Hilariously, we could not get there. Paula’s GPS sent us past it and over the river to Arlington and another try sent us past it again. We could not find parking, not even a sign for parking reasonably close. I pulled up the directions on my iPhone…and no better luck. We crossed the river at least 8 times and still were no closer to Lincoln. We were chatting, laughing and I’d wave at Mr Lincoln every time we passed. I kept saying “maybe there’s a reason…”
Eventually we found parking near the Martin Luther King Memorial, another of my favorite Americans. We could see Lincoln from there, not a far walk…but something in me said “no, not now”. So we visited Dr King and then went to dinner. I’d try again to see Lincoln before I headed home.
Lincoln’s statue is sculpted from Georgia marble and his likeness is, appropriately, larger than life (by three times). He gazes out across the reflecting pool toward the Washington Monument…but when you stand there, it feels as if he is looking right into your eyes, into your soul. His gaze seems at once benevolent and challenging.
“It is the quality of revolutions not to go by old lines or old laws; but to break up both, and make new ones.” Abraham Lincoln
Mr Lincoln was far from perfect (and a bit of a tyrant, in some ways), but he believed that the country belonged to the people. It is fitting that this spectacular memorial to one of our greatest Presidents has also been the site of many demonstrations and protests. Probably the most notable was in 1963, when hundreds of thousands of African Americans and their allies gathered peacefully in support of civil rights. On the stairs below Mr Lincoln, Dr Martin Luther King gave his “I Have a Dream” speech…his voice booming out over a crowd that stretched from Lincoln to the Washington Monument.
The morning after our failed attempt to visit Mr Lincoln, Paula sent me a news article. Apparently, when we were trying to find Lincoln, he had already been found by the infamous Richard Spencer and a group of alt-right, white nationalist, right-wing activists. Around 300 of Spencer's followers demonstrated without incident earlier in the day, but it would have dampened my spirits to run into any stragglers. In my opinion, they are almost the polar opposite of men like Dr King and Mr Lincoln.

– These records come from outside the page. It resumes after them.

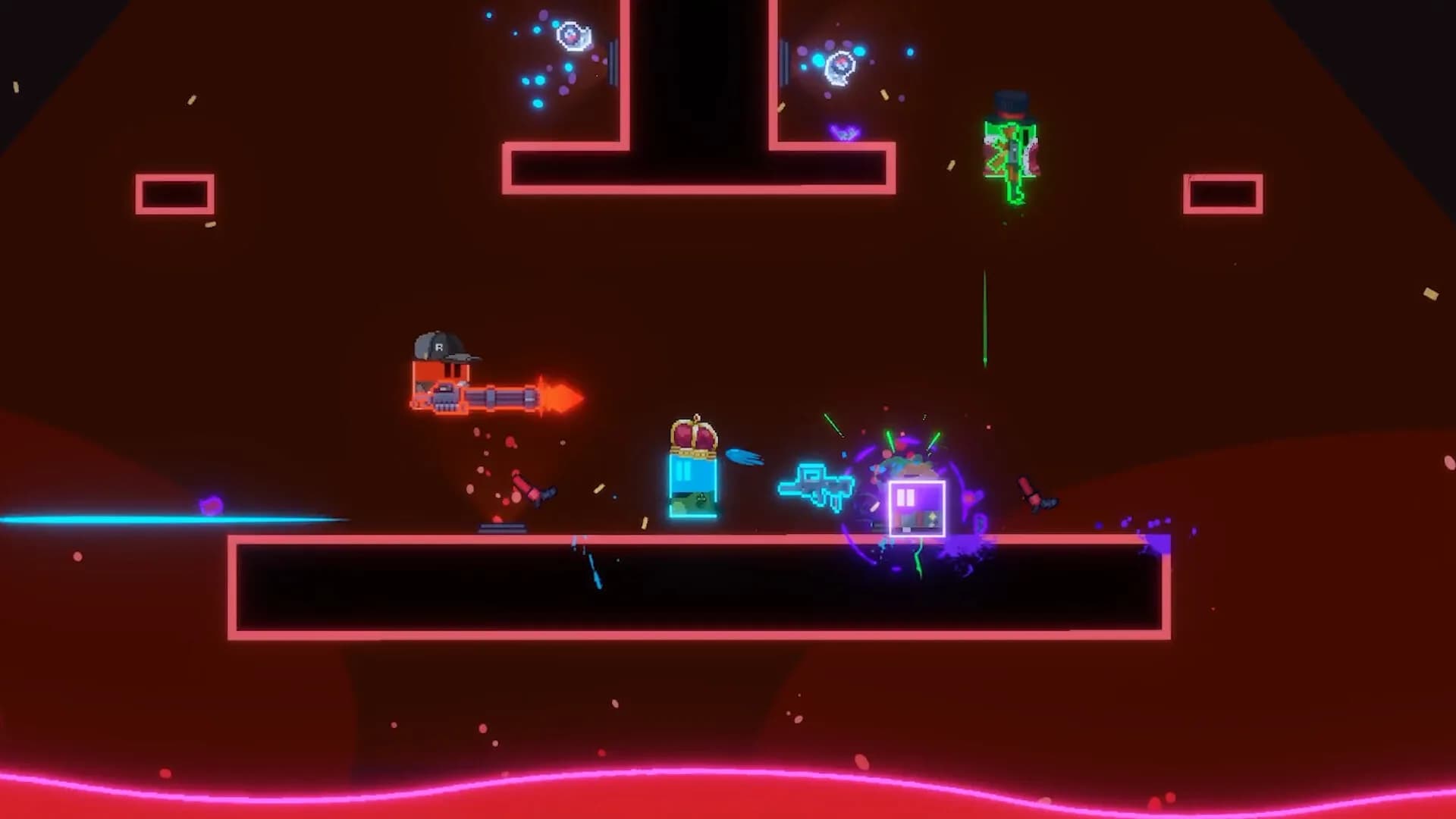 Battle Blocks görsel 5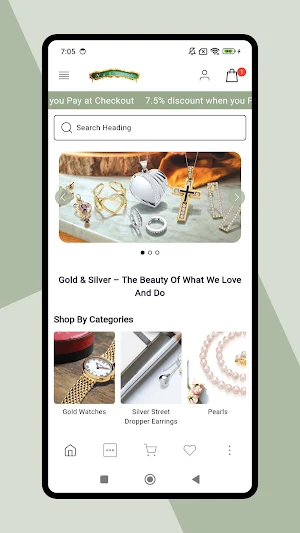 Hanalex Screenshot 1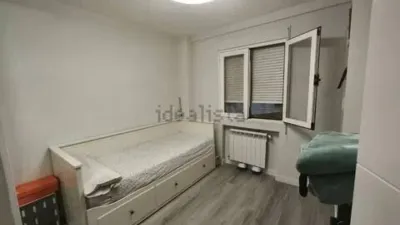 Apartment in Los Negrales photo 14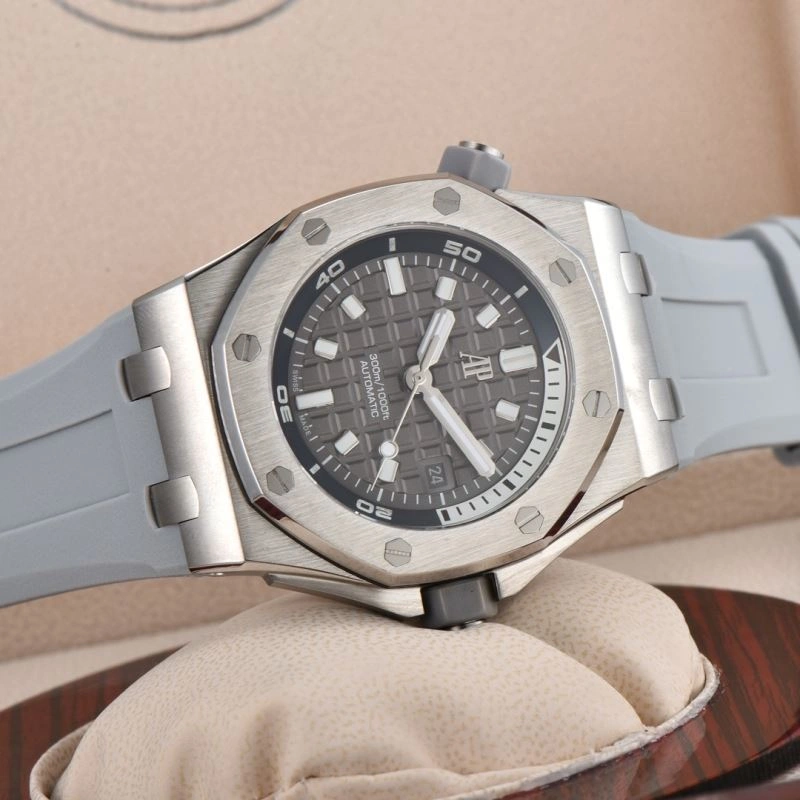 Sleek AP Watches 175960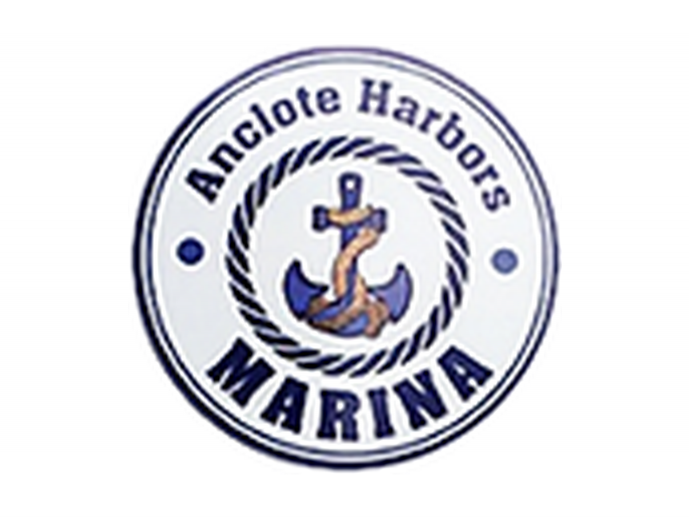 Anclote Harbors Marina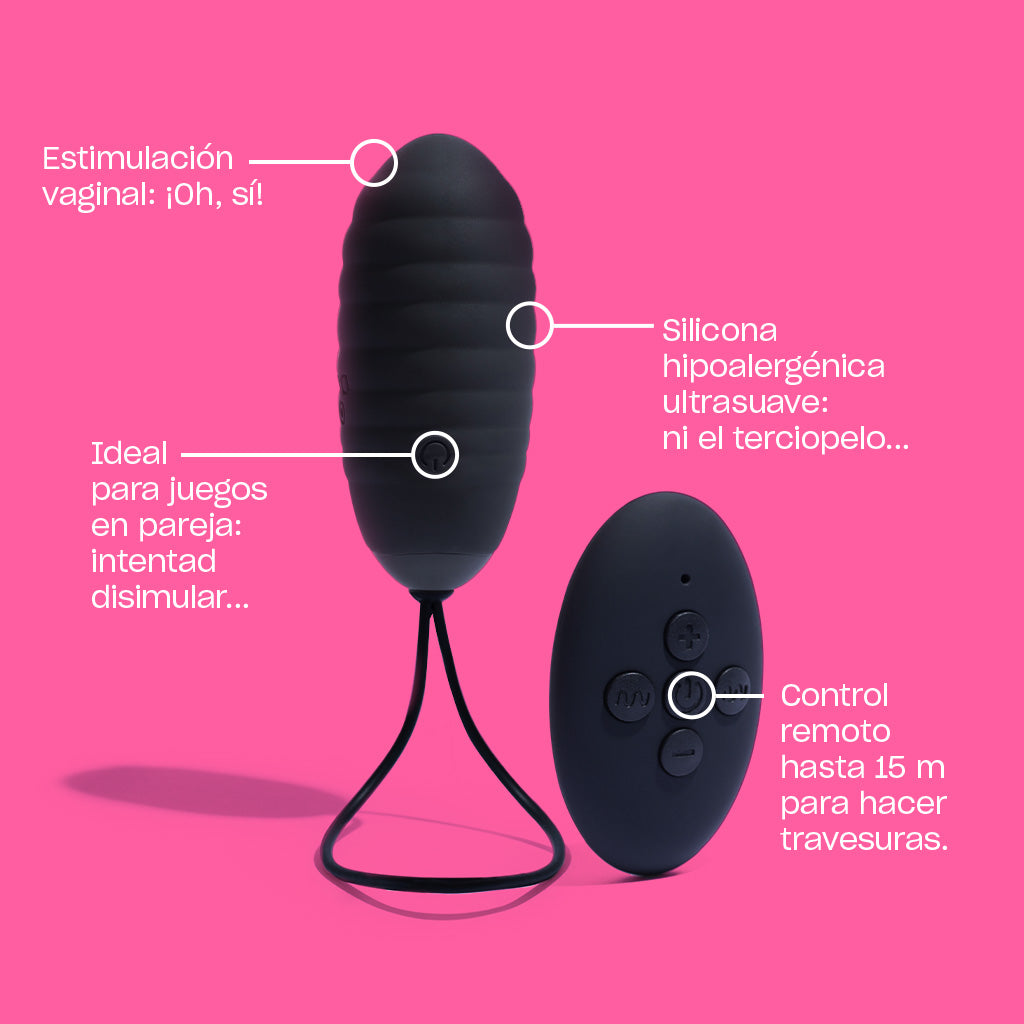 Oh Vibrador parejas Platanomelón 5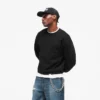 GH Shrunken Sweatshirt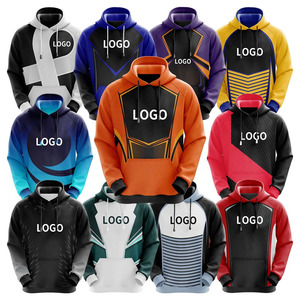 Sweat à capuche respirant Powerstar pour la moto et les courses automobiles, vêtements de sport, design personnalisé - Product Image 5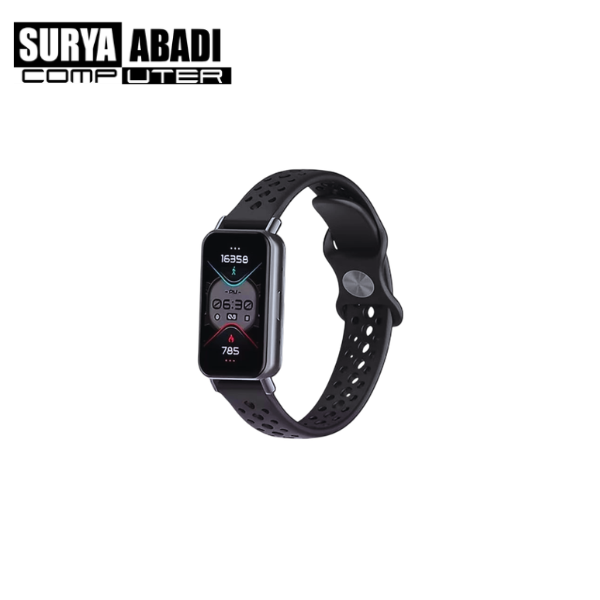 SMARTWATCH ROBOT RBS1 BLACK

Here’s the thing, though: while I do not agree with Spencer’s views on ANY level, I support their right to PEACEFULLY demonstrate…even on those iconic steps under the kind gaze of Mr Lincoln. I may be grateful that I didn’t see that group of angry white guys, but they have as much right to be there as Dr King did and as I do. I am horrified by what they say, but I believe in their constitutional right to say it as long as it does not turn to violence. If I don’t want to hear it, all I have to do is walk away.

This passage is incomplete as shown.